In diretta nella trasmissione Non stop news, Luca Zaia ha condiviso con gli ascoltatori di RTL 102.5 il suo personale ricordo di Ennio Doris.

Ennio lo conoscevo, ho avuto modo di fargli visita anche in ospedale qualche mese fa” ha dichiarato il presidente della regione Veneto. “Se ne va un pezzo di storia, un’icona nazionale, un galantuomo, una persona per bene” ha aggiunto commuovendosi. “Potrei citare mille episodi anche dai suoi racconti, anche quell’ultimo incontro, ma ve ne dico solo uno ma il più significativo: quando è iniziato il Covid mi ha telefonato e mi ha detto che voleva dare una mano” ha confessato.

“È stato il più grande donatore di attrezzature, di dispositivi di protezione, ha versato milioni di euro, ora possiamo dirlo” ha rivelato ancora Zaia. Il politico ha definito Doris “un uomo di grande visione”. “Era una persona assolutamente ottimista, pensava sempre che dopo la pioggia sarebbe arrivato il sereno” ha concluso ricordandolo.

Lutto nel mondo dell’imprenditoria: addio a Ennio Doris

Ennio Doris era nato a Padova, il 3 luglio 1940. La sua fama era nota all’interno del panorama finanziario italiano e non solo.
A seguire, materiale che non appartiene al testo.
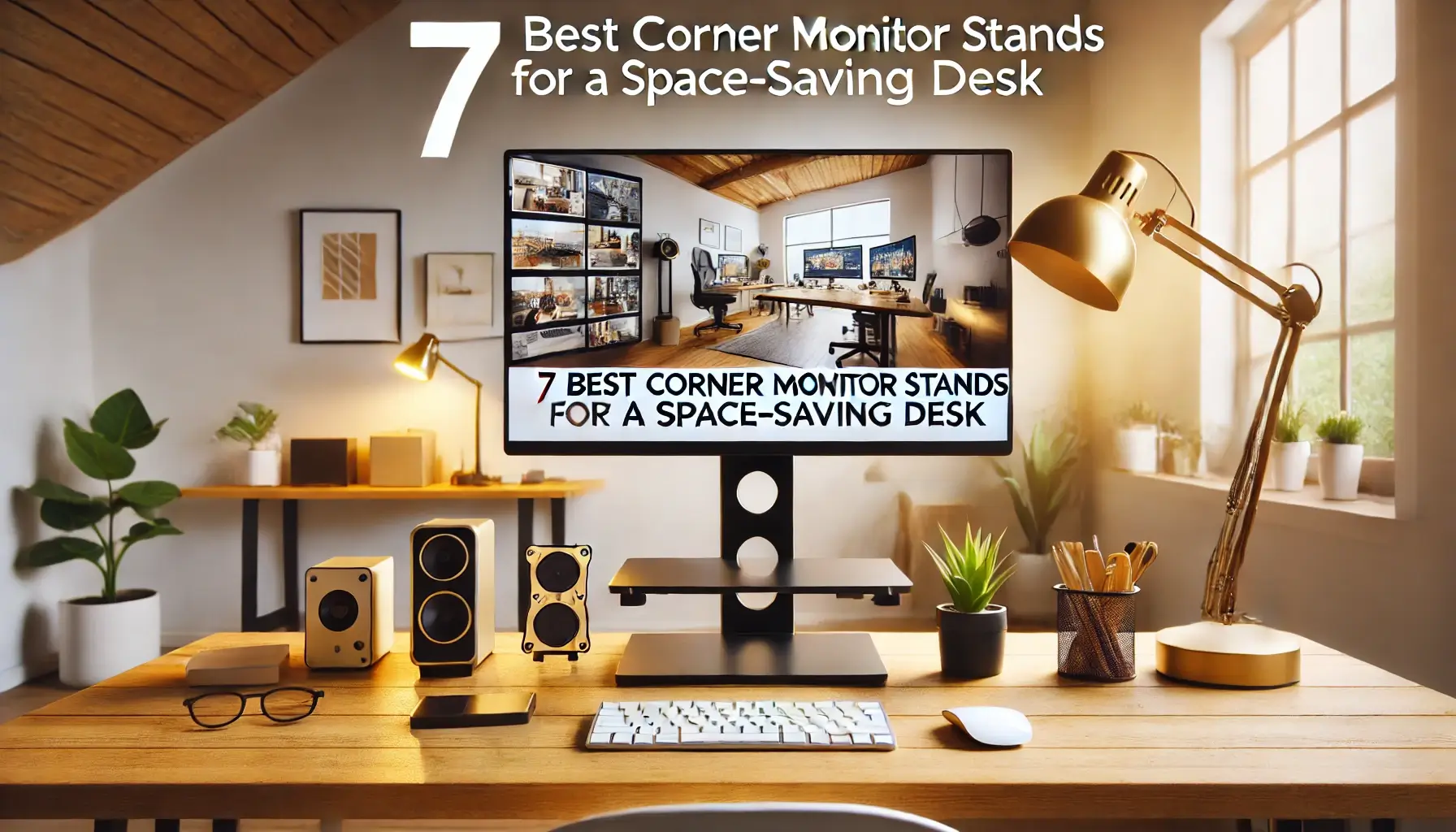 corner monitor stand for desk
Da tempo infatti, fa sapere Ansa, Banca Mediolanum aveva aperto sedi anche in Spagna, Germania e Irlanda.

Nel 1992 aveva ottenuto l’onorificenza di ufficiale dell’Ordine al Merito della Repubblica, mentre dal 2002 era Cavaliere del Lavoro. Nello stesso anno gli era stato conferito il master honoris causa in Banca e Finanza della Fondazione Cuoa. Dal 2000 al 2012 è stato consigliere di amministrazione di Mediobanca e Banca Esperia.

Fino allo scorso 3 novembre ha ricoperto il ruolo di presidente di Banca Mediolanum e da qualche settimana era invece presidente onorario. Spostato dal 1966 con Lina Tombolato, Doris era padre di Massimo e Sara.

Il banchiere era inoltre nonno di 7 nipoti: Agnese, Alberto, Anna, Aqua, Davide, Luna Chiara e Sara Viola.